Transitory Yarn – Alexandra Fruhstorfer, Anna Neumergel, Maximilian Scheidl
This is not wearable Ein türkiser Faden schwebt in der Luft des kleinen Ganges, der die drei Räume mit einander verbindet. Rechts eine Jacke, links eine Hose, in der Mitte keine Nähmaschine, sondern eine Art kleiner Garn-Galgen, der das Kleidungsstück zum Knäuel zurückspinnt. "Transitory Yarn" beschäftigt sich mit Nachhaltigkeit in der Textilindustrie – digitale Stricktechnologien ermöglichen es, so zu stricken, dass ohne Fadenverlust wieder aufgetrennt und der Faden für neue Kleidungsstücke wiederverwendet werden kann.

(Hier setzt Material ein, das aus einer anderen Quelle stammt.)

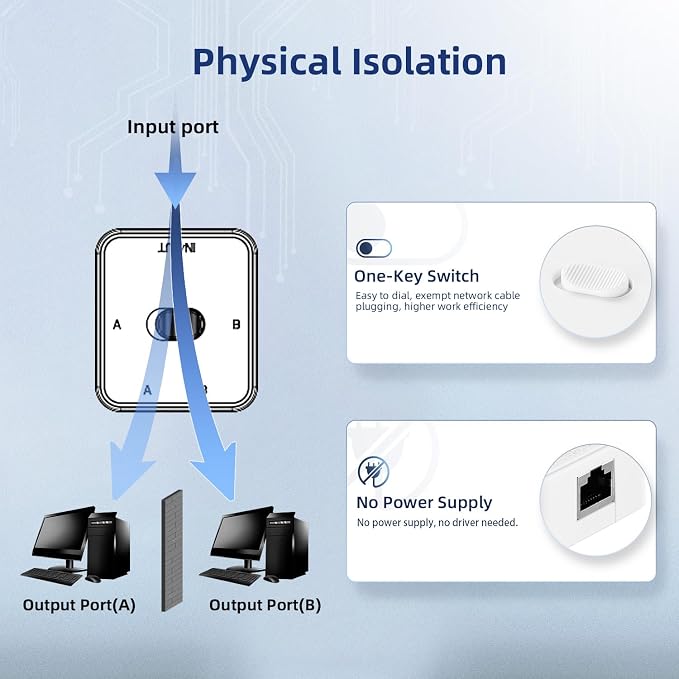 Binardat Gigabit Network Switcher, Passive Ethernet Selector, in/Out to A or B - Image 4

Die verwinkelten Räumlichkeiten der alten Post, die man von den verschiedensten Festivals kennt und die auch bald der Parallel Vienna ein Heim bieten werden, ähneln derzeit eher Laboratorien, die die BesucherInnen auf eine Reise durch verschiedenste Ideenwelten schicken – und bei all der visuellen Überforderung (man sollte sich definitv zwei Mal Zeit nehmen) – den Studierenden Raum gibt, Stellung zu beziehen. Schon das Cover des Ausstellungskatalogs ziert ein Bolzenschneider – in Zeiten von Zäunen, Brexit und Flüchtlingskrise, ist das eine Ansage. Ein eigentlich destruktives, gefährlich wirkendes Instrument kann Grenzen, Zäune abbauen und mit der Zerstörung positive Zeichen setzen. Kunst – das zeigt die Essence 2016 besonders deutlich – kann und will (wieder) politisch sein. Dem Industrial Design, das auf der Angewandten gleich zweimal – einmal von Paolo Piva, einmal von Fiona Raby unterrichtet wird – kann besonders in Zeiten wie diesen eine besondere gesellschaftlcihe Komponente zukommen. In verschiedensten Projekten zeigen die zwei Abschlussjahrgänge ein breites Spektrum, sowohl im Zugang als auch im Material. Zukunftsvisionen, Utopien und Dystopien und Parallelwelten scheinen dabei Themen zu sein, die sich durchziehen. Dabei steht die künstlerische Ebene mal mehr und mal weniger im Vordergrund. Allemal gelingt es der Ausstellung zu faszinieren und den eigenen Lebensstil zu hinterfragen.
Die Essence 2016 findet noch bis 15. Juli in der Alten Post, Wien statt.